Budaya
Internasional

Jejak Peradaban Islam dari Spanyol hingga Suriah Hadir di Balai Lelang Sotheby’s London


Lampu Masjid Berlapis Emas dari Era Mamluk, Abad ke-14. Salah satu artefak ikonik dalam lelang Arts of the Islamic World & India di Sotheby’s London, lampu kaca ini merupakan peninggalan Kesultanan Mamluk di Mesir. Dihiasi kaligrafi kufi dan motif arabes, benda ini dulunya menggantung di langit-langit masjid, melambangkan cahaya Ilahi. Karya ini mencerminkan puncak kejayaan seni Islam pada masa Mamluk, ketika keindahan dan spiritualitas berpadu dalam bentuk yang fungsional dan artistik. Credit:  Sotheby's.
Lampu Masjid Berlapis Emas dari Era Mamluk, Abad ke-14. Salah satu artefak ikonik dalam lelang Arts of the Islamic World & India di Sotheby’s London, lampu kaca ini merupakan peninggalan Kesultanan Mamluk di Mesir. Dihiasi kaligrafi kufi dan motif arabes, benda ini dulunya menggantung di langit-langit masjid, melambangkan cahaya Ilahi. Karya ini mencerminkan puncak kejayaan seni Islam pada masa Mamluk, ketika keindahan dan spiritualitas berpadu dalam bentuk yang fungsional dan artistik. Credit: Sotheby's.
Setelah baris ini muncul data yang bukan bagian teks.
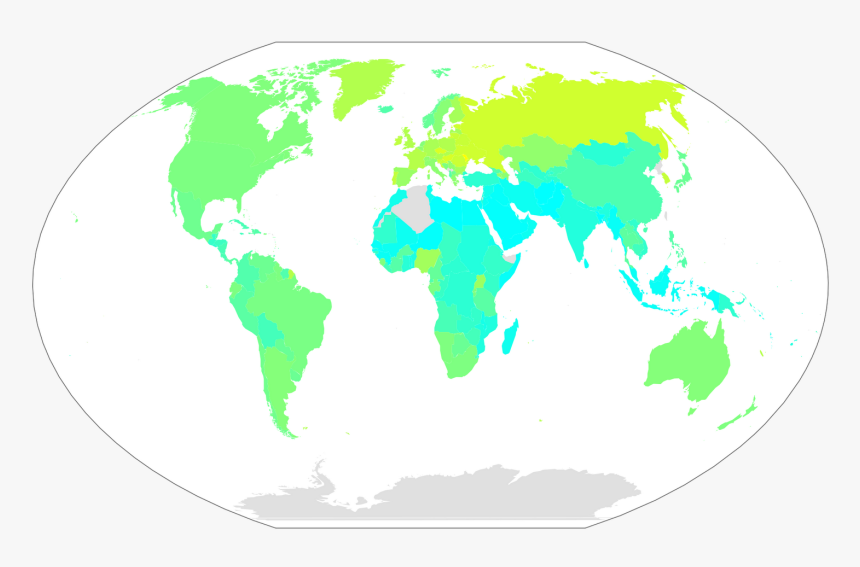 Earth Map Black And White Clipart , Png Download - Most Learned Languages On Duolingo, Transparent Png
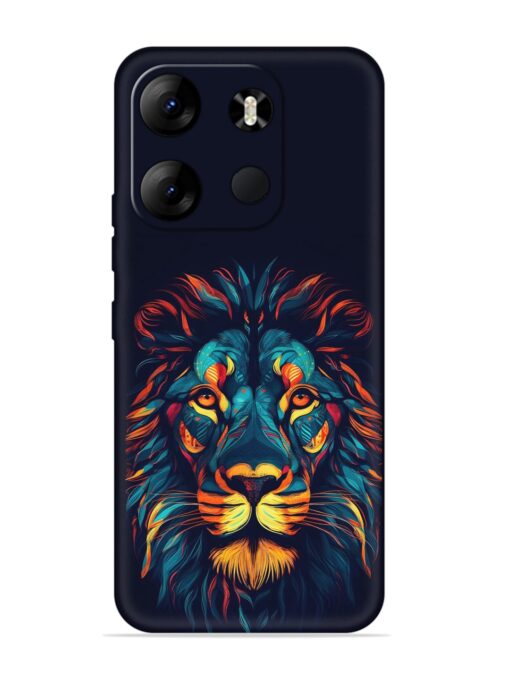 Colorful Lion Embossed Soft Silicone Case for Tecno Spark Go (2023) Zapvi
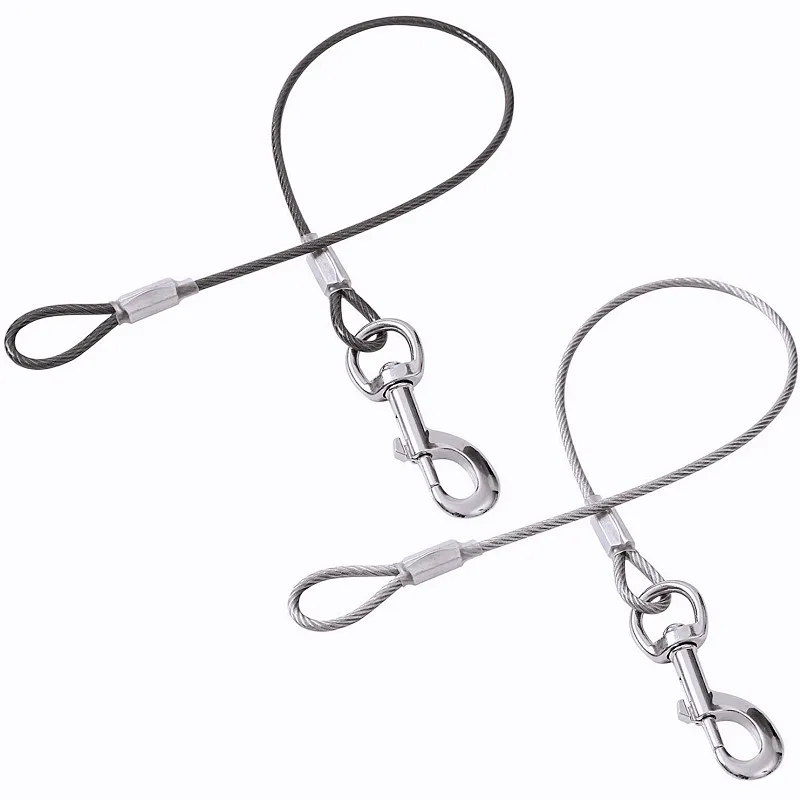 Trela para Cães de Aço Inoxidável com Corrente Resistente à Mastigação - Image 4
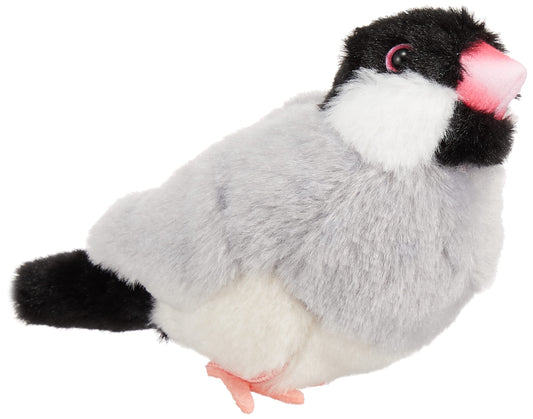 Yoshitoku Anime Stuffed Bird Kotori No Ne. Java Sparrow 180093 Japanese Bird Model Toys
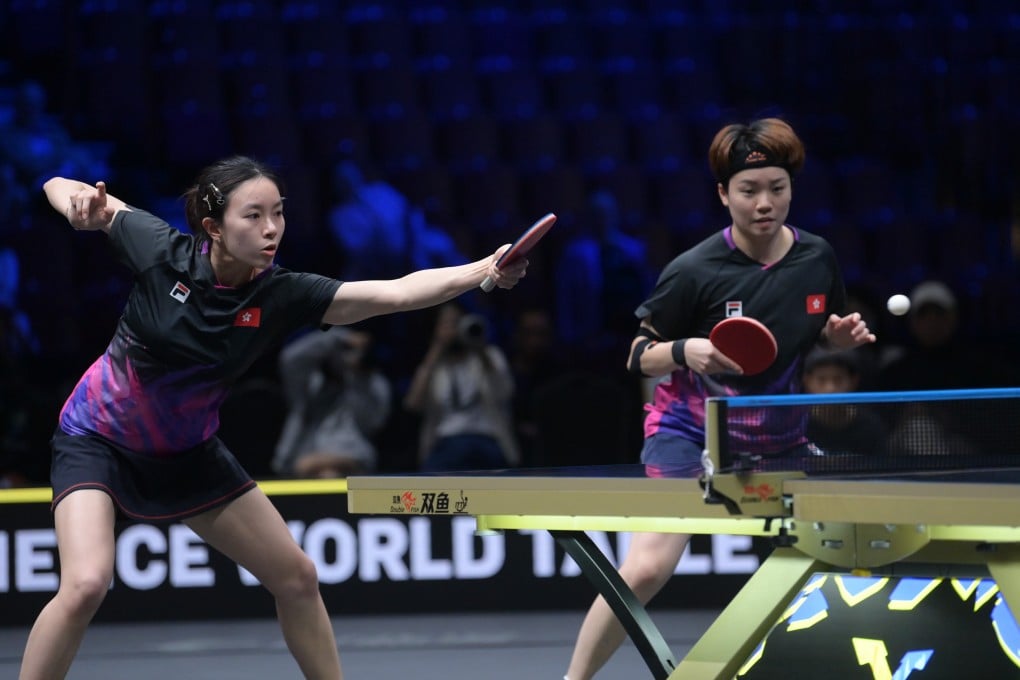 Hong Kong women's doubles pair Doo Hoi-kem (right) and Ng Wing-lam lost a tight final to Japan's Miwa Harimoto and Hina Hayata at the WTT Europe Smash in Sweden. Photo: Xinhua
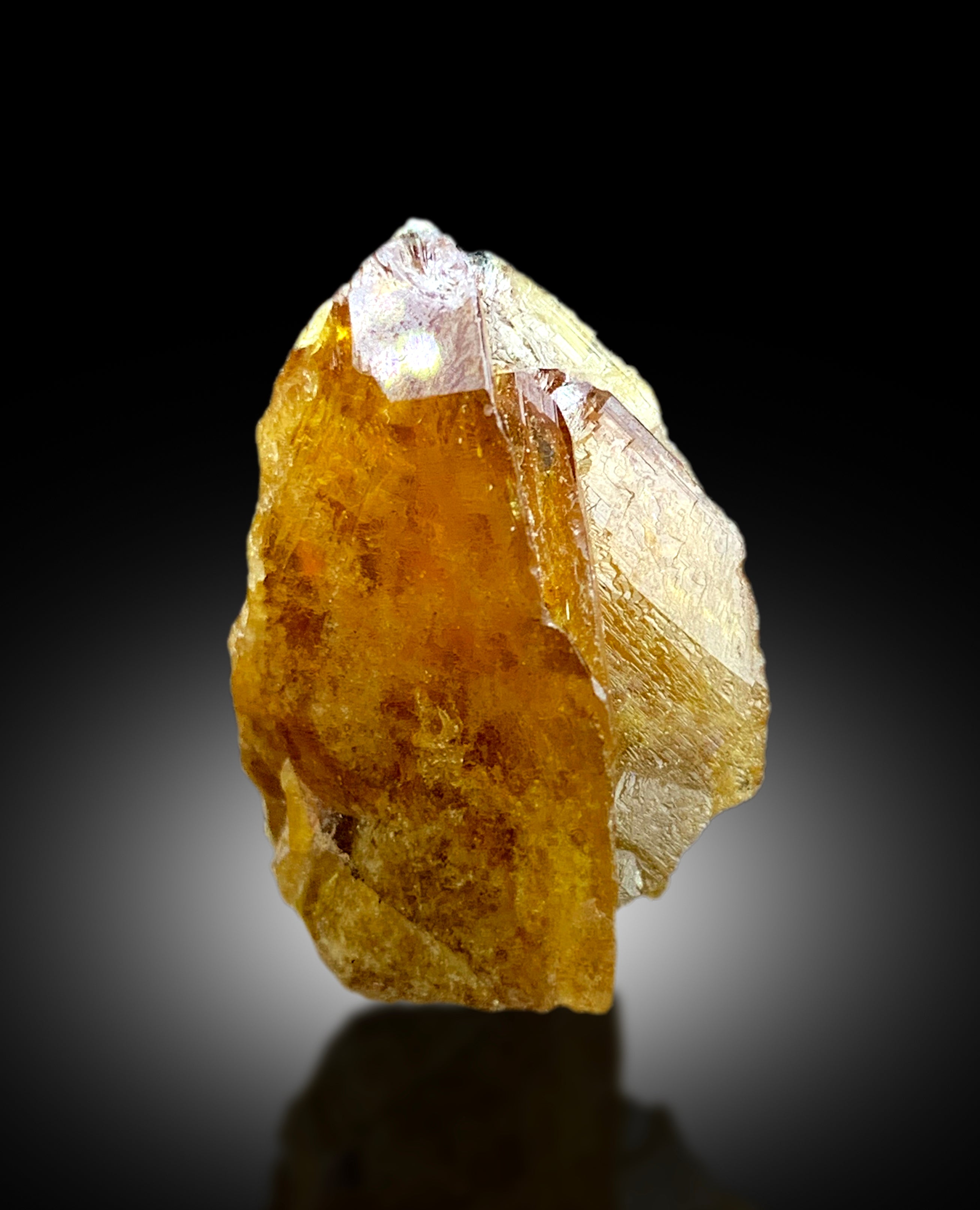 Honey Color Sphene Crystal, Natural Terminated Sphene, Sphene from Zagi Mountains Pakistan - 15 gram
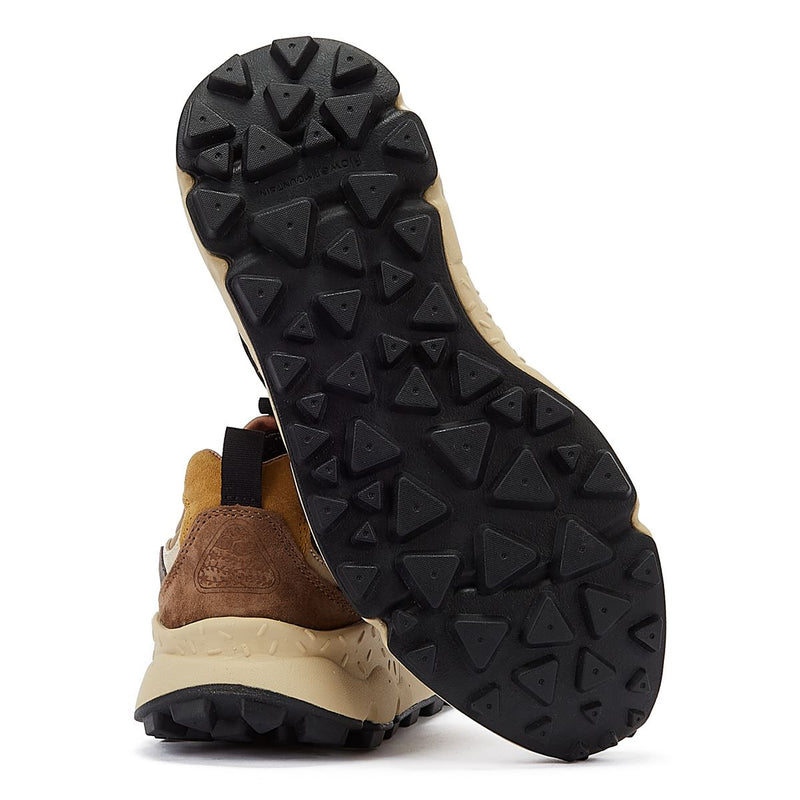 Flower Mountain Yamano 3 Suede/Nylon Men's Brown Sneakers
Warisan Mamluk: Kekuasaan yang Berjejak dalam Kaligrafi

Kesultanan Mamluk (1250–1517), yang pada masa jayanya membentang dari Turki selatan hingga Mesir, dikenal tidak hanya karena kekuatan militernya, tetapi juga karena patronase seninya yang luar biasa. Di bawah Mamluk, seni dekoratif seperti kaca, tekstil, dan ukiran kayu berkembang pesat, dan yang paling diagungkan adalah naskah-naskah berhias indah—khususnya mushaf Al-Qur’an.

Mushaf-mushaf Mamluk yang dibuat di Kairo, Damaskus, atau Aleppo terkenal karena iluminasi (hiasan manuskrip) yang rumit dan megah. Gaya ini bahkan memengaruhi seni manuskrip di Eropa abad pertengahan. Motif geometris berbentuk bintang atau heksagonal, hiasan emas, dan margin lebar menjadi ciri khasnya. Beberapa di antaranya bahkan mencapai tinggi monumental: 105 cm per halaman.

Lot utama kali ini menampilkan keunikan luar biasa. Naskah tersebut memadukan khat Naskhi yang elegan dengan Thuluts yang megah—gaya kaligrafi yang sering menghiasi kubah dan dinding masjid. Warna emas, merah, dan biru berpadu dalam komposisi yang menjadikan teks suci tak hanya dibaca, tetapi juga direnungi melalui keindahan visualnya.

Nama yang Terlupakan, Karya yang Abadi

Yang membuat mushaf ini istimewa bukan semata ukurannya, melainkan sang penyalin: Muhammad Abu al-Fadl ibn ‘Abd al-Wahhab al-A‘raj. Ia hidup di masa Sultan Al-Ashraf Qansuh al-Ghawri (1501–1516), penguasa Mamluk terakhir yang terkenal karena kecintaan dan strategi politiknya dalam seni.

Sultan Qansuh bukan hanya membiayai pembangunan dan restorasi dua kota suci, Mekkah dan Madinah, tetapi juga mendorong produksi karya seni untuk memperkuat legitimasi kekuasaannya. Abu al-Fadl adalah bagian dari proyek itu—sembilan manuskrip karyanya kini disimpan di Istana Topkapı, Istanbul, bekas pusat kekuasaan Sultan Utsmani.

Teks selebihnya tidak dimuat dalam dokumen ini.